E então, desconhecendo tudo isso, o Governo envia uma reforma da Previdência Social ao Congresso que objetivamente demonstra o seguinte: o Estado recolheu direta e indiretamente uma contribuição obrigatória de quem trabalha para devolvê-la quando ele (contribuinte do INSS) parasse de trabalhar; gastou o dinheiro do contribuinte com outras coisas e agora tem que entregar para quem contribuiu o valor corrigido e atualizado de tudo que ele já recebeu: não tem o dinheiro porque gastou e precisa que as próximas gerações paguem quem já parou de trabalhar.

É a descaracterização do instituto de seguridade social e a instituição de um regime de Assunção de Dívida da Previdência Social, ou seja, o terceiro (contribuinte do INSS) se obriga perante o credor (aposentado) a efetuar a prestação devida por outrem (INSS) sem direito de regresso (contra o INSS) e no caso brasileiro, sem qualquer poder de opção.

A Previdência Social é um mecanismo pouco inteligente por que parece assistencialismo, é reflexo de uma política pública concentradora em um governo central: a União, a qual por ser o grande ente arrecadador justifica sua parte de arrecadação com a manutenção da “gerência” da Previdência Social, devíamos imaginar uma agência reguladora descentralizada em que a receita seja condicionada a uma arrecadação daqui por diante, com um repasse para a velha previdência somente para o pagamento dos benefícios atuais.

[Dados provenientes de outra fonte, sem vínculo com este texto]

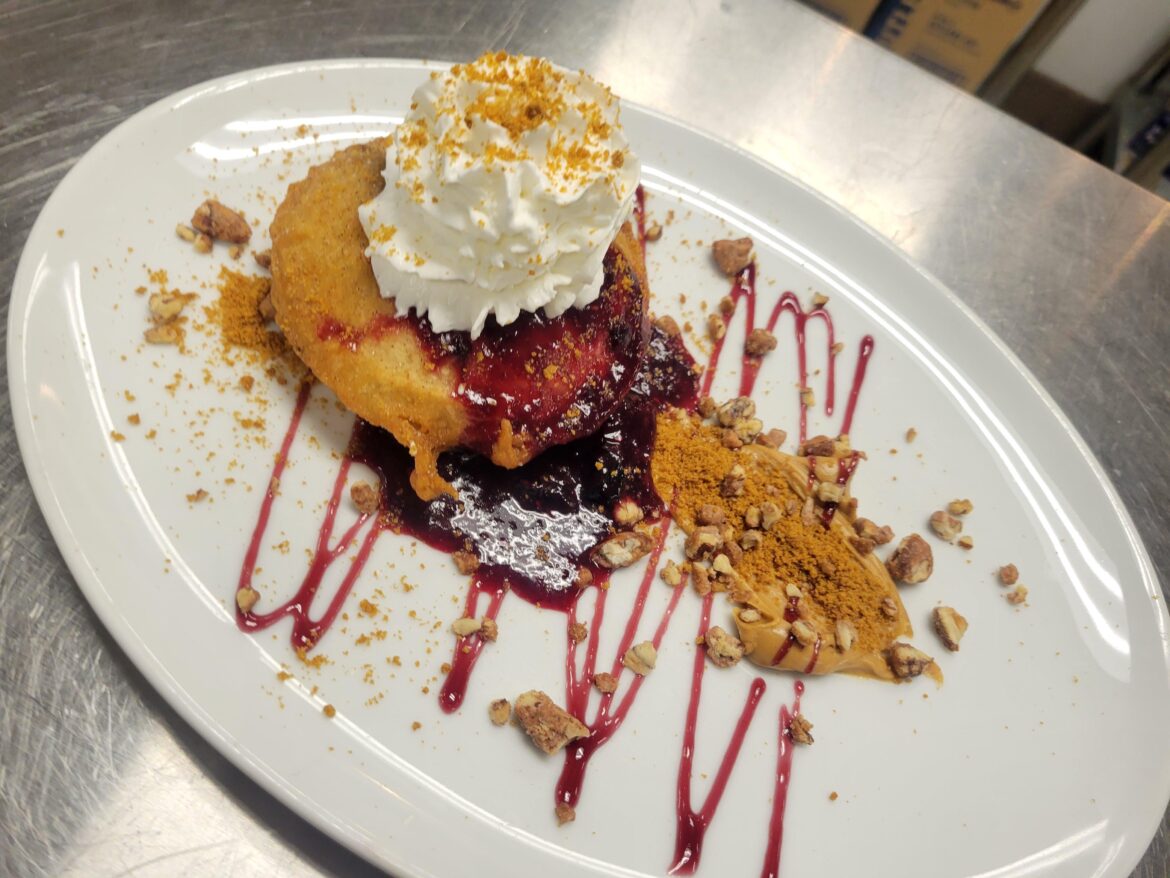 Deep fried Uncrustable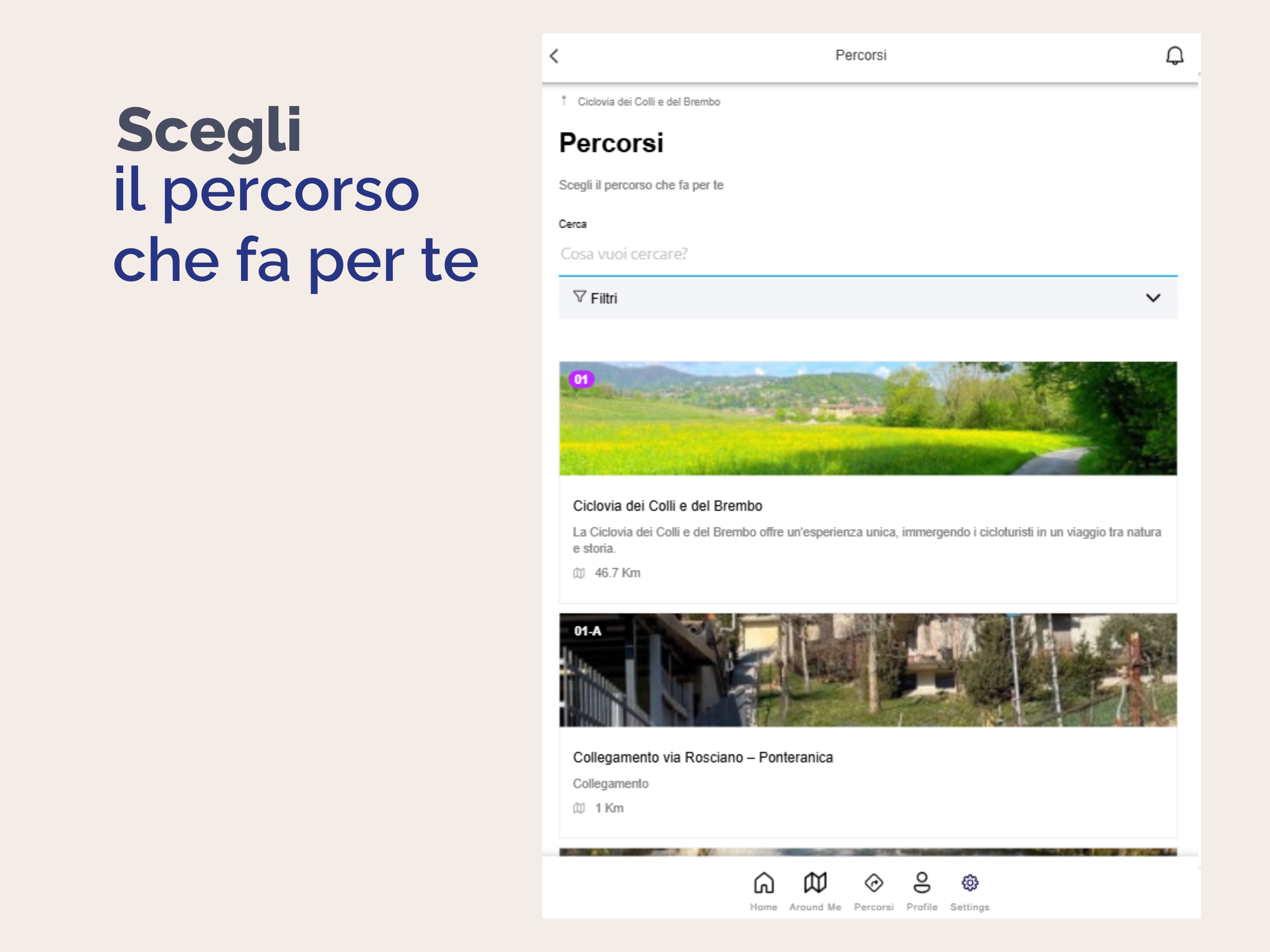 Ciclovia dei Colli del Brembo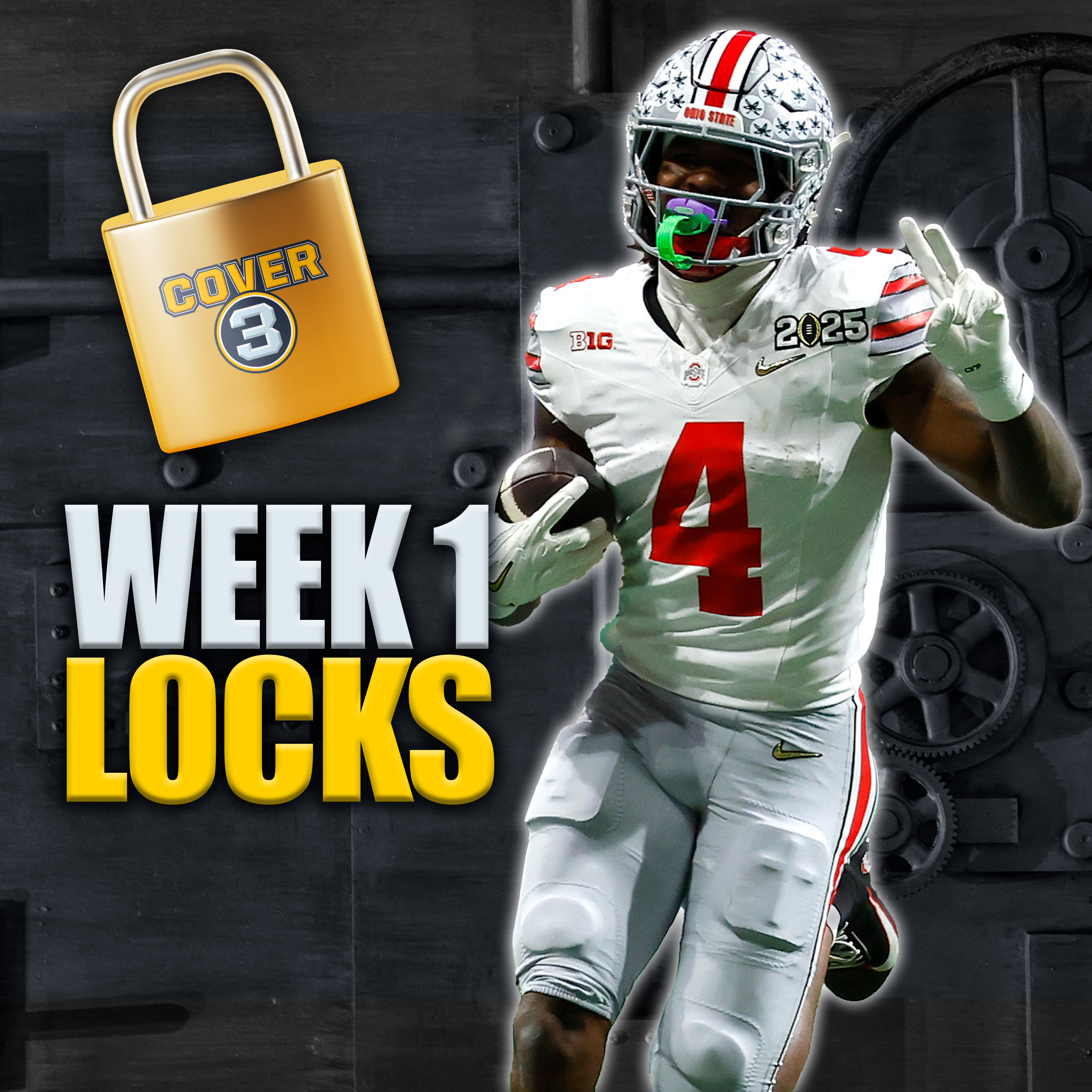 Week 1 LOCKS: Best Bets For College Football’s Opening Weekend | Texas-Ohio State | LSU-Clemson episode artwork
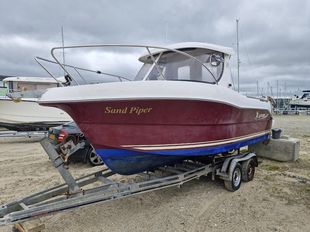 Arvor 215 sportsfisher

Discute-se um sistema que as receitas são procedentes de diversos “pagadores”. São receitas da Previdência Social àquelas definidas em Lei para cobertura das despesas correntes e de capital da Seguridade Social, provenientes de contribuições e de outras receitas; receitas arrecadadas diretamente pela Previdência Social, oriundas de contribuições de empresas, empregadores domésticos, segurados, inclusive domésticos, e contribuintes individuais; receita patrimonial dos aluguéis, arrendamentos, juros, taxas de ocupação de imóveis, juros de títulos de rendas, dividendos e outras receitas provenientes de aplicações do patrimônio da Entidade; outras tantas que couberem na rubrica de receitas correntes: referentes a serviços administrativos, multas e juros previstos em contrato, atualizações monetárias, indenizações, restituições, receita de dívida ativa e outras; receitas provenientes de alienação ou resgate de bens móveis, bem como alienação de títulos mobiliários, amortização de empréstimos e repasse de capital, e coroando tudo isso os repasses da União- recursos adicionais do Orçamento Fiscal, fixados obrigatoriamente na lei orçamentária.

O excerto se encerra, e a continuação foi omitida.